» The problem
Go through the lines below. Copy those with "Super".
╭─ Records provided
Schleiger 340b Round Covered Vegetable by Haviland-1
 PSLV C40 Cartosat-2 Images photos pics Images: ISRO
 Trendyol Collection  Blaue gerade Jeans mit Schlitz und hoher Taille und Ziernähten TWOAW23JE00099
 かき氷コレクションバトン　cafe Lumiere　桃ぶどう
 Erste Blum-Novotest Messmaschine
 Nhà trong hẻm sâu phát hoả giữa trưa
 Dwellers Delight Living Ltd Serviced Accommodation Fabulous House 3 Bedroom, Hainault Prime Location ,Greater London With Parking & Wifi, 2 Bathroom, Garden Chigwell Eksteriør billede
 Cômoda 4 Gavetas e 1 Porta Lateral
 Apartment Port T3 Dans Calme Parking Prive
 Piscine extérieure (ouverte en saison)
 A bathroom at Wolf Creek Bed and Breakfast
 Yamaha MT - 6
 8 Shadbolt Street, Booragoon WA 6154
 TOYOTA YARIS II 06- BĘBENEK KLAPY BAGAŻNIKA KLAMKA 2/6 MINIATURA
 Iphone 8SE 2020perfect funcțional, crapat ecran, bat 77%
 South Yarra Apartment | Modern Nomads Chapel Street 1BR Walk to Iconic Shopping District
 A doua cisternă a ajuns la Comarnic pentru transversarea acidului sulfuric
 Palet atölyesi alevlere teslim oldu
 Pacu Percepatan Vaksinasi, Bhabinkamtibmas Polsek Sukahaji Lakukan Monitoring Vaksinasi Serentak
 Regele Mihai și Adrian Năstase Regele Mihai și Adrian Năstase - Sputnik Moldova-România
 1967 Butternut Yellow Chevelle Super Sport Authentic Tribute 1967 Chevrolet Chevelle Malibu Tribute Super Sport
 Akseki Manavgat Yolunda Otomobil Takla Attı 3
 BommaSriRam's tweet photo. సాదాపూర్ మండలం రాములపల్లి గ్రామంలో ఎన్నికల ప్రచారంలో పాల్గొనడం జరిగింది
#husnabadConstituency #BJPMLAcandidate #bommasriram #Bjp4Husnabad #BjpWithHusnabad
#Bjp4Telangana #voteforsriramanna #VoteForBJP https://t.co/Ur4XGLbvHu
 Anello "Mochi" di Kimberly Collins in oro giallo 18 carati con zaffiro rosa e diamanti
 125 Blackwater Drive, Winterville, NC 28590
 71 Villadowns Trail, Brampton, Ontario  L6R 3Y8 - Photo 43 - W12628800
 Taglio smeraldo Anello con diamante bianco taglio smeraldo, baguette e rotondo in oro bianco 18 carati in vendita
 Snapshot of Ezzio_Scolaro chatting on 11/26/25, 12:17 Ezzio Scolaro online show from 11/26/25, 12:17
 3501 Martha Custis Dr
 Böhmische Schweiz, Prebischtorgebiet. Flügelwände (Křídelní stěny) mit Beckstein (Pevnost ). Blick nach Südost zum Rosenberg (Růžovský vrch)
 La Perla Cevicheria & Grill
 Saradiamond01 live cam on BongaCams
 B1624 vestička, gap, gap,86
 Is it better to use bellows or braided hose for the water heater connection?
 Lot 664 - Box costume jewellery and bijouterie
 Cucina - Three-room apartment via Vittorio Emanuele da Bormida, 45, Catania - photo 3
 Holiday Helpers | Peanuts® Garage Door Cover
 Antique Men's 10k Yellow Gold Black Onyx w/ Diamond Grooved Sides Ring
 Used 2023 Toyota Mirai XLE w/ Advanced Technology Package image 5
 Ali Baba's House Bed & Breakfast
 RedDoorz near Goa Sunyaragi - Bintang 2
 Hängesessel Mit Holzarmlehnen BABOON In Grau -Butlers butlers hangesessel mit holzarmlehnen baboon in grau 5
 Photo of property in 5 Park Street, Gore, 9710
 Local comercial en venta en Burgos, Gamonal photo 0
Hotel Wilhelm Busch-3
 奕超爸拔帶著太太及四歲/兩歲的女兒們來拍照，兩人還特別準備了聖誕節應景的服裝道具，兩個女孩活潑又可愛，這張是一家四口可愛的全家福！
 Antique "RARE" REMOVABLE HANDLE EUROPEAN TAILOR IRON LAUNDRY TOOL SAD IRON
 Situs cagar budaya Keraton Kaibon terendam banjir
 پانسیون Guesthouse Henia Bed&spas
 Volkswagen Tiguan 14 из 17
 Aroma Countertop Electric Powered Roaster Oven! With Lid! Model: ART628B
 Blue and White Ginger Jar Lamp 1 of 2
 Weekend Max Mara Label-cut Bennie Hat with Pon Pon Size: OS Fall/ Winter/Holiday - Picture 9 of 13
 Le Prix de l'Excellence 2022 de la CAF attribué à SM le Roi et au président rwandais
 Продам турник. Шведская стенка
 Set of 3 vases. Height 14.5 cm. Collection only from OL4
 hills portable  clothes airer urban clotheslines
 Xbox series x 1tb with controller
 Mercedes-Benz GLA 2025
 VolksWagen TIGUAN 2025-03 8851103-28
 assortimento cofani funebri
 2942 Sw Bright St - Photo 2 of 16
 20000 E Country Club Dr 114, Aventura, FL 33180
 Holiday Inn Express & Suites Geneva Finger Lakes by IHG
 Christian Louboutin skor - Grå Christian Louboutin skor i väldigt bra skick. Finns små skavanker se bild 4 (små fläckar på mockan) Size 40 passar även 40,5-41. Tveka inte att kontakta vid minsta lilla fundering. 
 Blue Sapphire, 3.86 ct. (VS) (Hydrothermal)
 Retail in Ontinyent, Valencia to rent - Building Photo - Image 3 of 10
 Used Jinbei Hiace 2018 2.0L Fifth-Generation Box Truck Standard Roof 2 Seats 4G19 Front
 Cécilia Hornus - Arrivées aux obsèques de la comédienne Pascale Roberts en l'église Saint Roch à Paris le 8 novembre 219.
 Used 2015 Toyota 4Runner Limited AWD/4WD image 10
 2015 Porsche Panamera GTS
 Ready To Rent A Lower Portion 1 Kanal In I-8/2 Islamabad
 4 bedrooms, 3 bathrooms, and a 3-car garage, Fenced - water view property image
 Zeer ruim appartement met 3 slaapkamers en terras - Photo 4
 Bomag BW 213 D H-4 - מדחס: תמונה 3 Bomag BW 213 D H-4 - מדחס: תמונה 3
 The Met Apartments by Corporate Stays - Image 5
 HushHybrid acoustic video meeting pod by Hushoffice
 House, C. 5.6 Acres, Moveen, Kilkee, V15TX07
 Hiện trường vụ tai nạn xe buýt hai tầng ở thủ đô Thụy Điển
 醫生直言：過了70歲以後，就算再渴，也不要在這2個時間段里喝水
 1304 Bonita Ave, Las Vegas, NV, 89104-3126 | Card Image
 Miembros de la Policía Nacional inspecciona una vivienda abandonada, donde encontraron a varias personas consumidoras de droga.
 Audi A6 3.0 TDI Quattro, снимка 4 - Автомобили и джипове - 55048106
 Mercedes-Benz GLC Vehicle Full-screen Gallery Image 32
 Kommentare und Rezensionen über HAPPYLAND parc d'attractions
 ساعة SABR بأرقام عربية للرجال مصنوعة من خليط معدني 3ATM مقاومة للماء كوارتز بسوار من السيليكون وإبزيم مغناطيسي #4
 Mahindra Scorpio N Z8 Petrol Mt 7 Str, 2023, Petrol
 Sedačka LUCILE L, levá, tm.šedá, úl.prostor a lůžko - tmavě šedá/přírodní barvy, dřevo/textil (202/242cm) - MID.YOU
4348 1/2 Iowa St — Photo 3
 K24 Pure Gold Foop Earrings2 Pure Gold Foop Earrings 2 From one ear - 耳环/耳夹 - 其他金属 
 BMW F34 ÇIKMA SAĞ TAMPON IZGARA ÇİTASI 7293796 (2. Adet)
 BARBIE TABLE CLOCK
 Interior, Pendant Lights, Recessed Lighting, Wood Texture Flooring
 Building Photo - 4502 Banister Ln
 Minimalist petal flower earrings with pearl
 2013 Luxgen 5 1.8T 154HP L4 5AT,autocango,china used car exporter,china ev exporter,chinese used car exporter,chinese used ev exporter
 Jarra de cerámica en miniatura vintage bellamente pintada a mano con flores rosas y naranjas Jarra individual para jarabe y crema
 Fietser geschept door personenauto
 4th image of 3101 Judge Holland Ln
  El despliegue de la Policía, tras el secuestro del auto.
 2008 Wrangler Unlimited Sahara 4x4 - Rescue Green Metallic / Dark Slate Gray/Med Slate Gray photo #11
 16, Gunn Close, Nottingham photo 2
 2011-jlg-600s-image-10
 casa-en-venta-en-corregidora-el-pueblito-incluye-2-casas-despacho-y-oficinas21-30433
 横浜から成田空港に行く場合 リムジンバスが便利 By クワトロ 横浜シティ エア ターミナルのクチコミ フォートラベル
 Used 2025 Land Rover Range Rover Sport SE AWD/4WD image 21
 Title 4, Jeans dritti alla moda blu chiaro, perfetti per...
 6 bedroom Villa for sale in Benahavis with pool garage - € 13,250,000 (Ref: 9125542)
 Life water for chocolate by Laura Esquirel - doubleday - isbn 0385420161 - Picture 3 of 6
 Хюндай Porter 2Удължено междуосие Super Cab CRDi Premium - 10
╰─
» Final answer
 1967 Butternut Yellow Chevelle Super Sport Authentic Tribute 1967 Chevrolet Chevelle Malibu Tribute Super Sport
 Хюндай Porter 2Удължено междуосие Super Cab CRDi Premium - 10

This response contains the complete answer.